The book tells the story of the Indigenous Aanaar Saami language (around 350 speakers) and cultural revitalisation in Finland. It offers a new language revitalisation method that can be used with Indigenous and minority languages, especially in cases where the native language has been lost among people of a working age. The book gives practical examples as well as a theoretical frame of reference for how to plan, organise and implement an intensive language programme for adults who already have professional training. It is the first time that a process of revitalisation of a very small language has been systematically described from the beginning; it is a small-scale success story. The book finishes with self-reflection and cautious recommendations for Indigenous peoples and minorities who want to revive or revitalise their languages.
Mahalo nui loa to the authors of this important book! Ancestral languages are crucial components of healthy indigenous communities. Yet once a language is lost among childbearing adults, it seems impossible to gain it back again. Developing a resource of fluent second language speaking adults is the answer. This work tells how to reach that crucial step - and with very small languages. E ola na ?olelo ?oiwi a kakou!

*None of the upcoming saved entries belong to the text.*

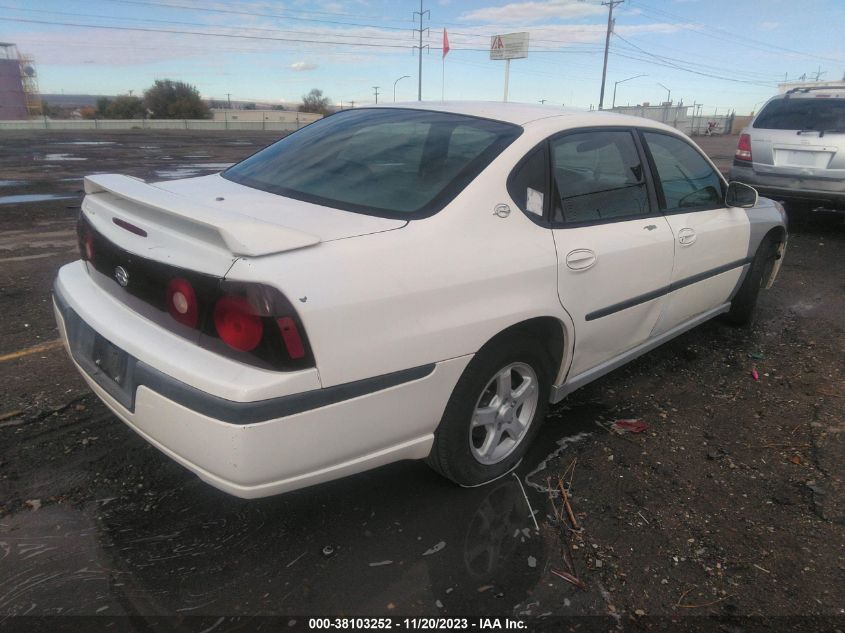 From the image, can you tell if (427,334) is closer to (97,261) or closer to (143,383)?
(143,383)

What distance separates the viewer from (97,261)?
8.02ft

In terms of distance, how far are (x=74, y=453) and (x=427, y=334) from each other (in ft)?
6.01

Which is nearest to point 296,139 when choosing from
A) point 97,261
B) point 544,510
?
point 97,261

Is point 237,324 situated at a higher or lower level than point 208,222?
lower

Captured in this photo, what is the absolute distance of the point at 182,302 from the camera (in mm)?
1933

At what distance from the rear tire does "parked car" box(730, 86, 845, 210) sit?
324 cm

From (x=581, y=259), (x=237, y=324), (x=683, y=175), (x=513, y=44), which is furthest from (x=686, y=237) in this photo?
(x=513, y=44)

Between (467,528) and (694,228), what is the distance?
2.21m

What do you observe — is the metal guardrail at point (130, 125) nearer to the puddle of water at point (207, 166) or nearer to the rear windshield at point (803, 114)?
the puddle of water at point (207, 166)

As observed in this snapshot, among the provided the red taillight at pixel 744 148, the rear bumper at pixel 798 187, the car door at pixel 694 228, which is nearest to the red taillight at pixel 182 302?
the car door at pixel 694 228

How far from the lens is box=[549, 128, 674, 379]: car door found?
268 cm

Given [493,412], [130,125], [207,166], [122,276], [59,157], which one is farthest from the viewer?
[130,125]

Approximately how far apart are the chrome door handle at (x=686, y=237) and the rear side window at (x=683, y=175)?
0.47ft

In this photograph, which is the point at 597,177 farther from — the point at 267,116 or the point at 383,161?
the point at 267,116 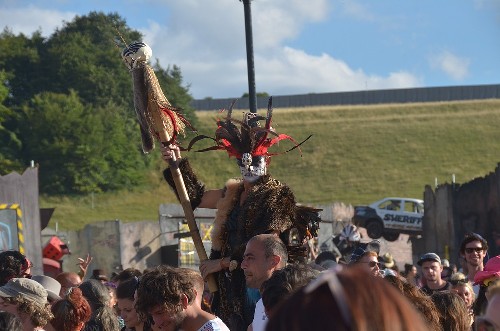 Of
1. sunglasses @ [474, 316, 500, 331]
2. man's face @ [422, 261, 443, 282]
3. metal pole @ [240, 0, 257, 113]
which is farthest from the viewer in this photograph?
metal pole @ [240, 0, 257, 113]

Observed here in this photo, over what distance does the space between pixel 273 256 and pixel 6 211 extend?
867cm

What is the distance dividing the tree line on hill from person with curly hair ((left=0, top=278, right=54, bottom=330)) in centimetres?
4917

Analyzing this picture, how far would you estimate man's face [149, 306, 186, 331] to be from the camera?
4785 mm

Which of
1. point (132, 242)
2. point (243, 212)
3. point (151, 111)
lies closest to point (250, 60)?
point (151, 111)

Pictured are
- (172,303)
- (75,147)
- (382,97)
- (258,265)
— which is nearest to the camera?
(172,303)

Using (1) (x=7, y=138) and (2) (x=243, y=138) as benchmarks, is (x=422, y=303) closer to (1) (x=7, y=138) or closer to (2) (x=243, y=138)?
(2) (x=243, y=138)

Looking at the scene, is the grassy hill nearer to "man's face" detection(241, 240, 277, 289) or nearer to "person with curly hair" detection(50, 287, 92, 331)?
"person with curly hair" detection(50, 287, 92, 331)

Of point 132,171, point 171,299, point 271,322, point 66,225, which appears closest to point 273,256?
point 171,299

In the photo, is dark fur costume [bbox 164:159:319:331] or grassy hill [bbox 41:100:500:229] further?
grassy hill [bbox 41:100:500:229]

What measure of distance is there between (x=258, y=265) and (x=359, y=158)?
190 ft

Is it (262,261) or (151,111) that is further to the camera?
(151,111)

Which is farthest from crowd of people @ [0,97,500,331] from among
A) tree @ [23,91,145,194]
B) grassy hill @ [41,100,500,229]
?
tree @ [23,91,145,194]

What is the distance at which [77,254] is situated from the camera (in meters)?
27.3

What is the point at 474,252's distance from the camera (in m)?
8.68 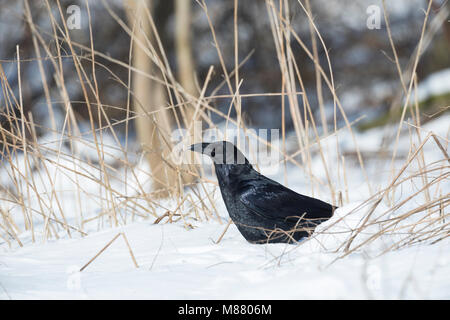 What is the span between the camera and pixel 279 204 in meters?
1.73

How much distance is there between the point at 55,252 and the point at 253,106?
7549 mm

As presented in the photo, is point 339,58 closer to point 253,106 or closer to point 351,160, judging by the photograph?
point 253,106

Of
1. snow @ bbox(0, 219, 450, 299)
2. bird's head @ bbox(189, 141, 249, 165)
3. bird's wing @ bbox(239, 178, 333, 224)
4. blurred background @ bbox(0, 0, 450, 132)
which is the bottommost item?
snow @ bbox(0, 219, 450, 299)

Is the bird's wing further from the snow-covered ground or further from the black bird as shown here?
the snow-covered ground

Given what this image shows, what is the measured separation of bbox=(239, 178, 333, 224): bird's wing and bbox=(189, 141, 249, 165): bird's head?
134 mm

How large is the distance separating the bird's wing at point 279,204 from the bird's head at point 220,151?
0.13 m

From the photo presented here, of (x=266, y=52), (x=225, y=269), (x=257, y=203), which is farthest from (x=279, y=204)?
(x=266, y=52)

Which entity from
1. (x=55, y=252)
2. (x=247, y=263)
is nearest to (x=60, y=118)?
A: (x=55, y=252)

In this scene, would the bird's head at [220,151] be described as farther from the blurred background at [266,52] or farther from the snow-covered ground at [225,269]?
the blurred background at [266,52]

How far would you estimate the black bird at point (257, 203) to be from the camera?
1.69 metres

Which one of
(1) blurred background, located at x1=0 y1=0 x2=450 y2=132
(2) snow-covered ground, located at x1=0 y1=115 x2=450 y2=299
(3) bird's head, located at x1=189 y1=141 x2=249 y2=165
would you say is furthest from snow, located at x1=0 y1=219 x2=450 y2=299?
(1) blurred background, located at x1=0 y1=0 x2=450 y2=132

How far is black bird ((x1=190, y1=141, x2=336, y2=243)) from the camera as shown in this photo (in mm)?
1690

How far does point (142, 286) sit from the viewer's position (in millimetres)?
1146

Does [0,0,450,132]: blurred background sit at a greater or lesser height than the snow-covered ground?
greater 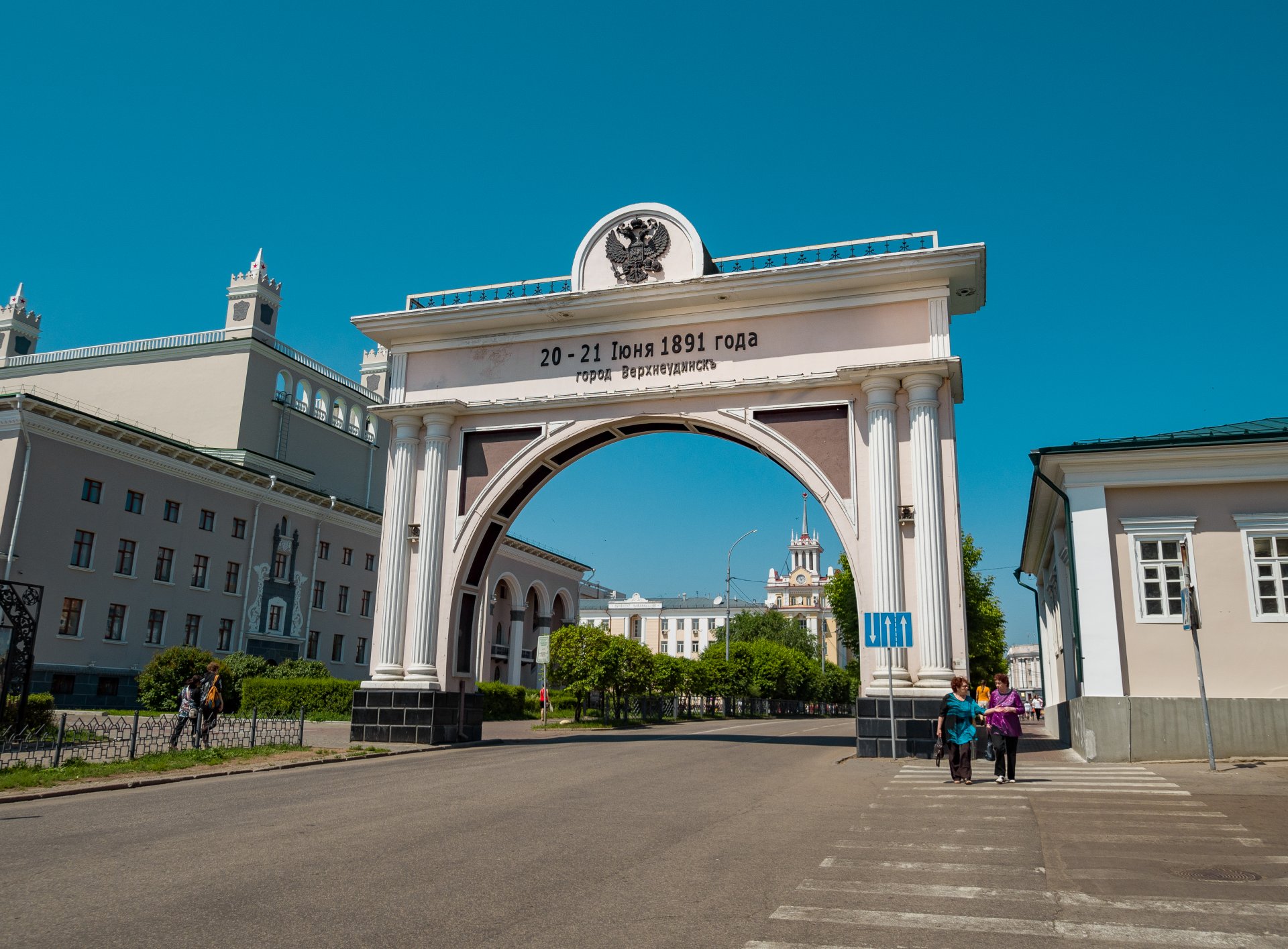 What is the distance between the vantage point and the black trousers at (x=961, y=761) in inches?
500

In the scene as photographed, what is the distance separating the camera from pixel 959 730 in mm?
12664

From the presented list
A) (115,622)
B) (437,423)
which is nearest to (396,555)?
(437,423)

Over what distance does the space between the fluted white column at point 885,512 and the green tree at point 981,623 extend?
101ft

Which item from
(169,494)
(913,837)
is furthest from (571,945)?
(169,494)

- Kauanoe Kamana and William H. Wilson, founding members of the ?Aha Punana Leo, Hawai?i, USA
This book is a wonder! - the uplifting story of a program that has made a very major difference in the revitalization of Aanaar Saami, through the empowerment of the Missing Generations of speakers - the adults who could, once they learn the language, teach or raise children in the endangered language. This account demonstrates how the vision and energy of a few can have a powerful effect on language and cultural survival. Three cheers for Marja-Liisa Olthuis and the brave women who worked with her! What a difference they have made. This is a must-read for all communities and their friends who are trying to revitalize their endangered languages. Leanne Hinton, Professor Emerita, University of California at Berkeley, USA
- Founding member of the Advocates for Indigenous California Language Survival
Chock-full of on-the-ground experience, Olthuis, Kivelä and Skutnabb-Kangas present a research-based model for language revitalization among a critical age group: professional adults. Meticulously detailed, the book takes readers inside the Aanaar Saami language education program, introducing its strategies, management and the dedicated learners and master teachers at its heart. The authors' message is clear: yes, it is possible to recover a 'small' minoritized language! Recognizing that every community must chart its own way, the authors offer a practical, hopeful account with invaluable language revitalization lessons.
- Teresa L. McCarty, G.F. Kneller Chair in Education and Anthropology, University of California-Los Angeles, USA
The authors describe the many obstacles faced by anyone interested in indigenous language revitalization, especially the lack of teaching materials, that need to be overcome and offer valuable insights on how this can be done.
- Jon Reyhner, Northern Arizona University, USA to be published in the Magazine of the National Association for Bilingual Education
Revitalising indigenous languages: How to recreate a lost generation is a remarkable and inspirational book that chronicles the language revitalization efforts, triumphs, and tribulations of the Complementary Aanaar Saami Language Education (CASLE) program in Finland...It is an engaging book driven by the three authors’ personal experiences, dedication, andcommitment to Aanaar Saami. The book is well suited for language revitalization researchers, graduate students interested in the topic, and ITM community members alike.
- Genevieve Leung, University of San Francisco, USA in Current Issues in Language Planning (2013)
Marja-Liisa Olthuis is University Lecturer at University of Oulu, Finland. Her major interests are the Saami languages, Finnish, language revitalisation, lexicology, second/foreign language teaching and translating.
Suvi Kivelä is a researcher at the Saami Archives in Finland. She has worked as a news broadcaster at YLE, Finland's national public service broadcasting company. She is one of the Complementary Aanaar Saami Language Education graduates.
Tove Skutnabb-Kangas (Emerita) has been actively involved with struggles for language rights for five decades. Her research interests include linguistic human rights, linguistic genocide, linguicism (linguistically argued racism), mother-tongue-based multilingual education and the relationship between linguistic and cultural diversity and biodiversity.